Google Books Ngram Viewer Gets A Larger Dataset, Now Understands Parts Of Speech

Google’s Ngram Viewer for Google Books, a tool that lets you see how the usage of specific words has increased and decreased over time, just got an update. The Ngram Viewer now draws upon a larger dataset (though Google sadly doesn’t say how large exactly it now is) and got a few new features for more advanced analysis.

Most importantly, though, the Ngram Viewer is now a lot smarter. Last year, Google’s Natural Language Processing group built a system that can reliably identify parts of speech. Thanks to this, the Ngram Viewer now knows how often a given word in its corpus was used as a noun or verb, for example.

As far as new features go, the main new tool in this release is the ability to add, subtract, multiply and divide Ngram counts.
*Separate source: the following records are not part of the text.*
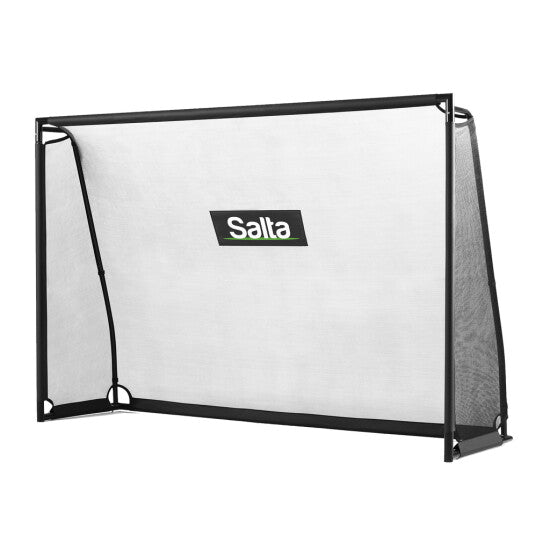Jalkapallomaali Legend 300 x 200 x 90 cm ja Sharp Shooter Salta - KarelianStore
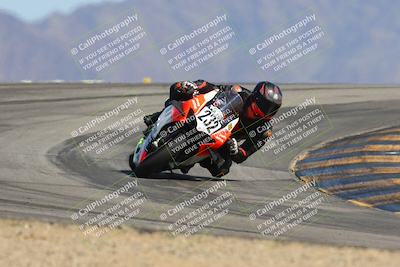 media/Mar-20-2025-Racers Edge (Thu) [[0731d8e3a1]]/1-A Group/Session 6 (Turn 12)/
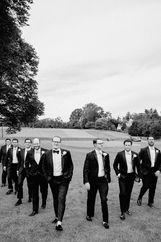 Julia + Tyler by Carly Landolt Photography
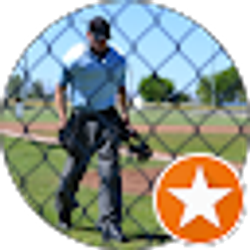 Profile photo of Chris Wrightson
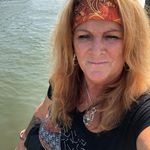 Sherri Molinari Oakley - @sloride3573 - Instagram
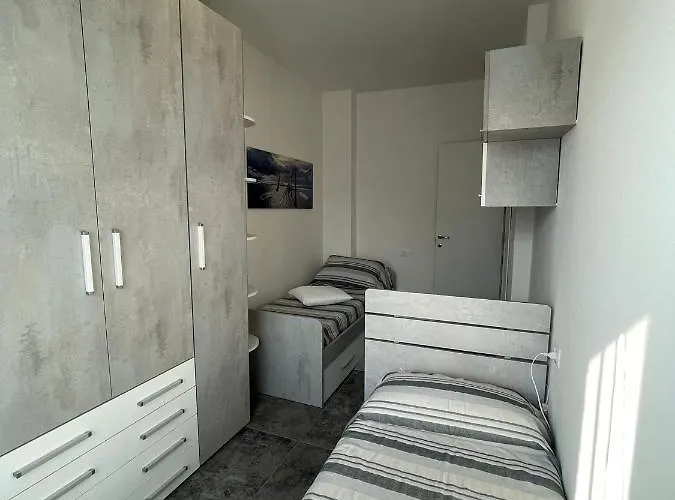 Magic 바르돌리노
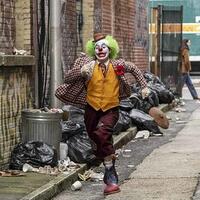 sinopsis-film-joker-yang-sedang-tayang-di-indonesia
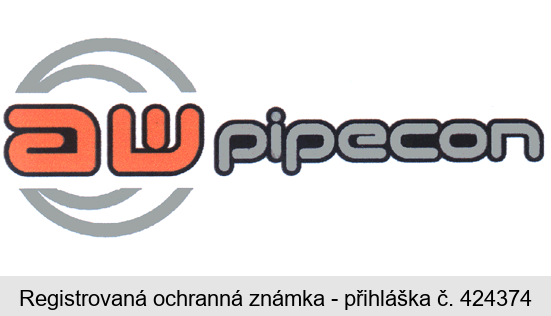 aw pipecon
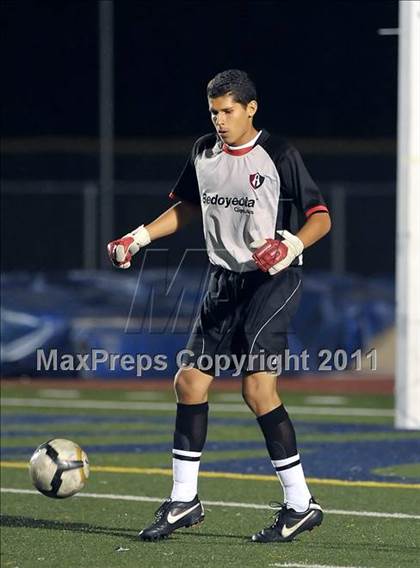 Thumbnail 3 in Natomas @ Inderkum photogallery.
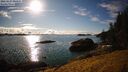 ./images/quadra/tower/20260627/tower20260627_080001M.jpg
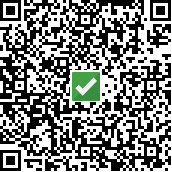 Healthcare Providers Similar to 1164532594 NPI Number | NPI Registry | www.DataLabs.Health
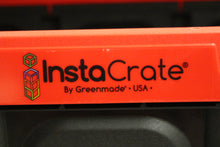 Load image into Gallery viewer, InstaCrate - STO-228-4000 - Used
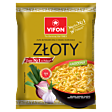 Vifon Zupa błyskawiczna o smaku kurczaka złoty 70 g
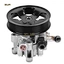 Toyota Previa Tarago ACR30 2000-2004 Power Steering Pump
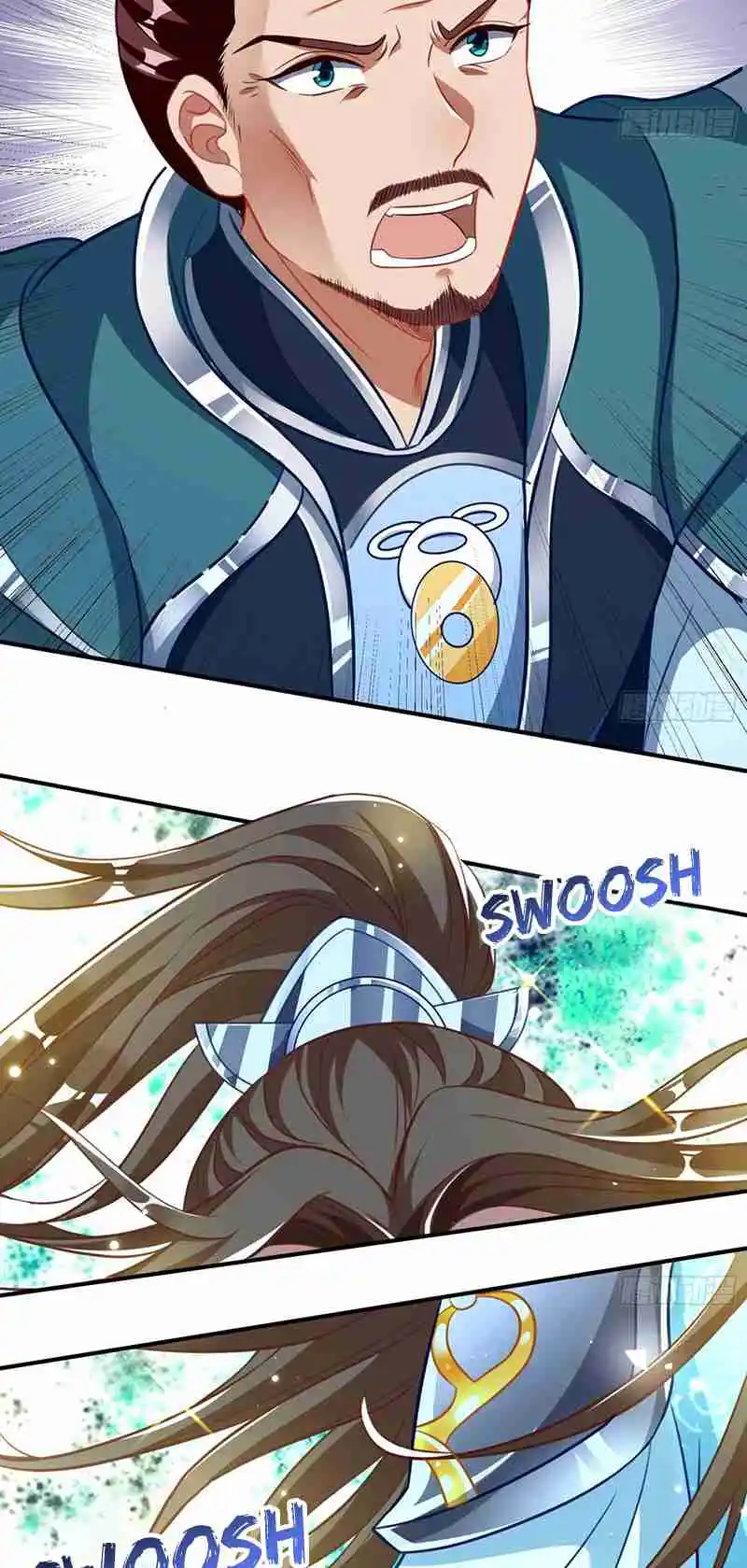 Cheating Men Must Die 358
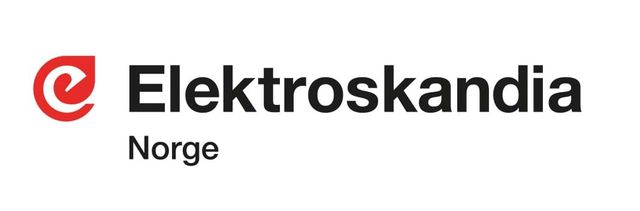 Elektroskandia Norge AS logo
This, says Google, allows you to see “how ‘record player’ rose at the expense of ‘Victrola,'” for example.

In addition, the Ngram Viewer team also added support for Italian to the current set of available languages (English, Chinese, Spanish, French, German, Hebrew and Russian).

At first glance, it would seem as if a tool like this would mostly be of interest to historical linguists in academia, but the project has actually been a major mainstream success for Google. As Google Engineering Manager and the project’s co-creator Jon Orwant notes in today’s announcement, he and the rest of the team were surprised by “its popularity among casual users.” Since its launch in 2010, he writes, the Ngram Viewer has been used about 50 times per minute and over 45 million graphs have been created with it.